Prompt. Set down each line from the line holding "CHILECITO: ACCIDENTE POR" to the last line of the entries below, exactly, with both ends included and without pictures.

Data for analysis.
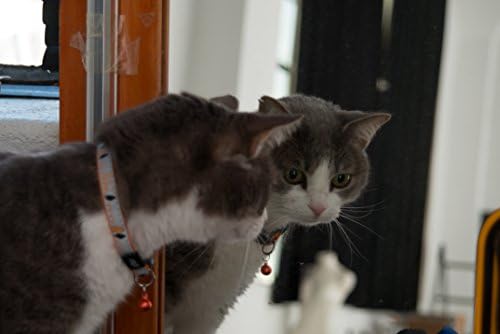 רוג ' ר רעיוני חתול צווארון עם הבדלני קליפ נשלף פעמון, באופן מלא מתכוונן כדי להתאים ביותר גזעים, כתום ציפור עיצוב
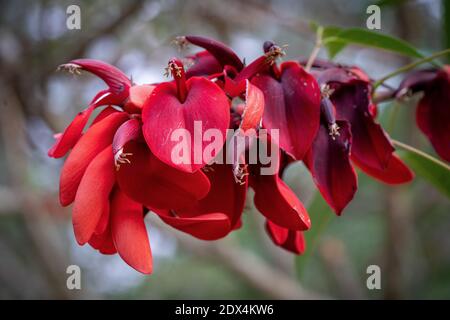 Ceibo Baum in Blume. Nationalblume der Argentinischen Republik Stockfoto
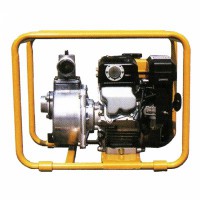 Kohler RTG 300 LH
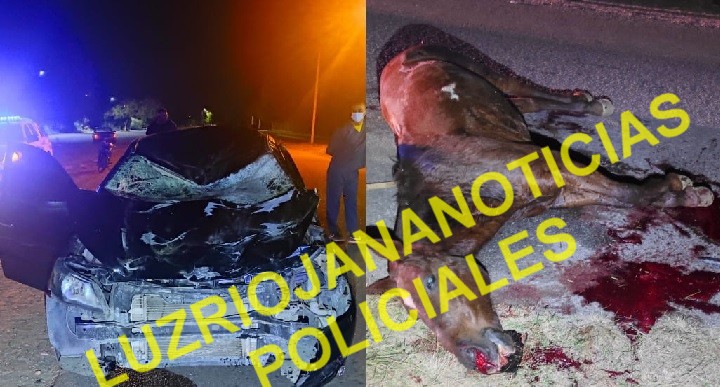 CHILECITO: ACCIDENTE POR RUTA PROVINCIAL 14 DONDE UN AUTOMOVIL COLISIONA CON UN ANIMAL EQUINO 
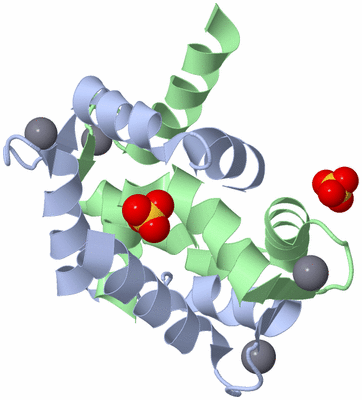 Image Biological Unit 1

Solution.
 CHILECITO: ACCIDENTE POR RUTA PROVINCIAL 14 DONDE UN AUTOMOVIL COLISIONA CON UN ANIMAL EQUINO 
 Image Biological Unit 1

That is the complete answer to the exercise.